Thailand’s Flash Group is shutting down its courier and logistics operations in Malaysia this month, ending a four-year push into one of Southeast Asia’s most competitive delivery markets.
The company will continue operating in Thailand, where it generates the bulk of its revenue, as well as in the Philippines. The exit underscores the challenges facing regional logistics startups that expanded aggressively during the e-commerce boom, only to confront rising costs and intense price competition as growth normalised.

Flash Express, the group’s flagship delivery arm, entered Malaysia in 2021 and scaled up rapidly. In 2022, it announced plans to create as many as 10,000 jobs in the country as part of a broader Southeast Asian expansion that also included the Philippines and Laos. At the time, Flash said it operated eight hubs in Peninsular Malaysia and one each in Sabah and Sarawak, with most of its workforce deployed in front-line delivery roles.
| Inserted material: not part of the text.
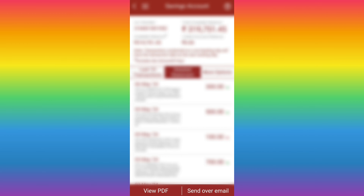Now you can use the email option to send it over email. You can send it back to your netbank. If you have an email, you can send the statement to your email and click to download it.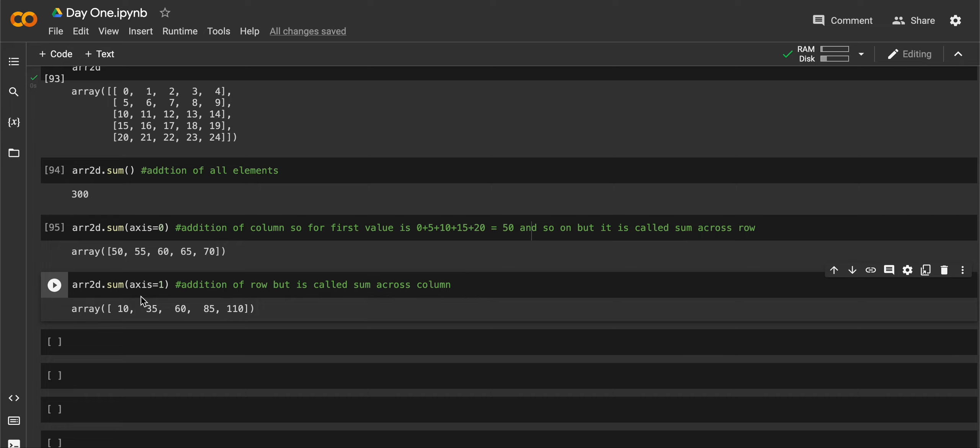Again, if you want to add all the elements along the row, you can pass axis equal to 1, but it is called as sum across column. Yeah, naming convention I guess. It would be difficult for beginners like me to understand when to use which or what means what. Maybe practice will help me to improve things here. But that's it for today. Thanks for watching, see you in the next video.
The retrenchment comes despite Flash Group having recently returned to the black.
The company reached profitability in 2024, generating revenue of 24.7 billion baht ($720 million) and a net profit of 940 million baht ($30 million), per government data. In the three preceding years, revenue fluctuated while losses narrowed: revenue stood at 17.6 billion baht in 2021 with a small profit, fell to 14.8 billion baht in 2022 with a net loss of 2.19 billion baht, and rebounded to 20.1 billion baht in 2023 with a reduced loss of 559 million baht.
Flash Group was crowned Thailand’s first unicorn in 2022 after raising a combined $150 million in Series D+ and Series E funding rounds, led by SCB10X, the venture capital arm of Siam Commercial Bank, and Singapore-based Buer Capital. The company went on to secure 15 billion baht ($447 million) in a Series F round from an undisclosed investor in December 2023.